======== Dataset

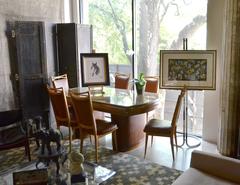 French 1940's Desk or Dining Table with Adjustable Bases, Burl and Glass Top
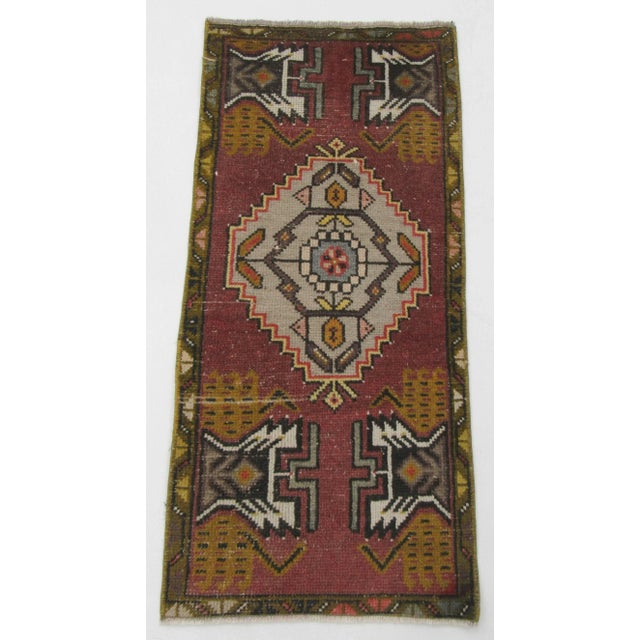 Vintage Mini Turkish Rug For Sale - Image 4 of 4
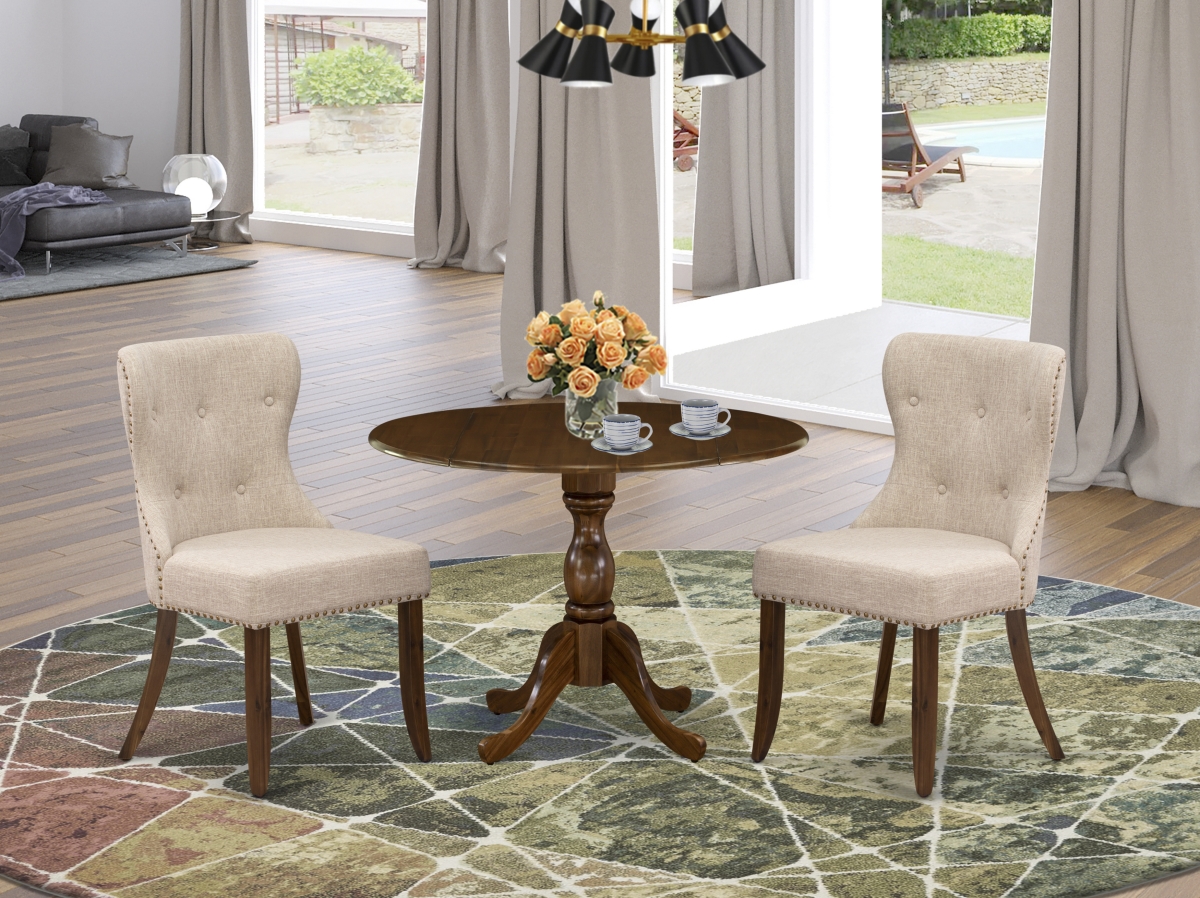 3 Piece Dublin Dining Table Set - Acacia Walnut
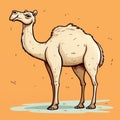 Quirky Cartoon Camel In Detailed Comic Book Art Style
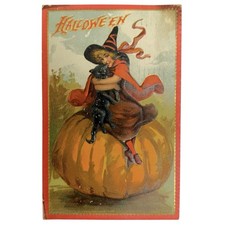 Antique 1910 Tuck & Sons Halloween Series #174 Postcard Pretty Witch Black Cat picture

================
======== Dataset

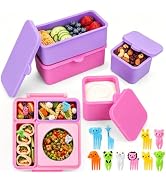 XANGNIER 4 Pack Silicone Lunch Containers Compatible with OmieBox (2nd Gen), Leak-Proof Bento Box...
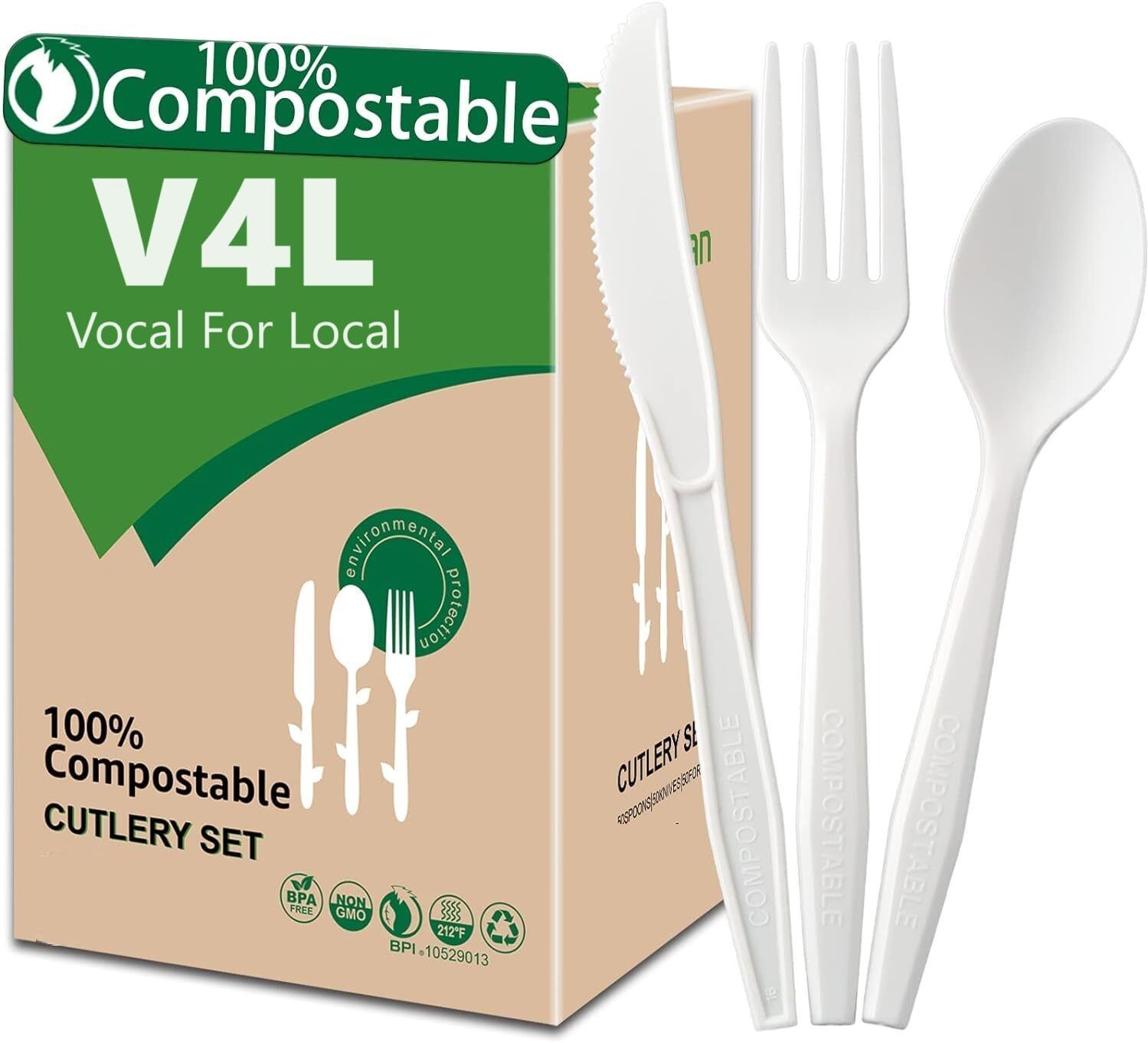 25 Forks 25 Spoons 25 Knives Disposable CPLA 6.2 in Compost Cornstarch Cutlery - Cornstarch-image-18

================

What needs to be done: With the pictures omitted, print the lines above exactly, beginning at the line with "French 1940's Desk" and going on through the line with "Antique 1910 Tuck".

Task response:
 French 1940's Desk or Dining Table with Adjustable Bases, Burl and Glass Top
 Vintage Mini Turkish Rug For Sale - Image 4 of 4
 3 Piece Dublin Dining Table Set - Acacia Walnut
 Quirky Cartoon Camel In Detailed Comic Book Art Style
 Antique 1910 Tuck & Sons Halloween Series #174 Postcard Pretty Witch Black Cat picture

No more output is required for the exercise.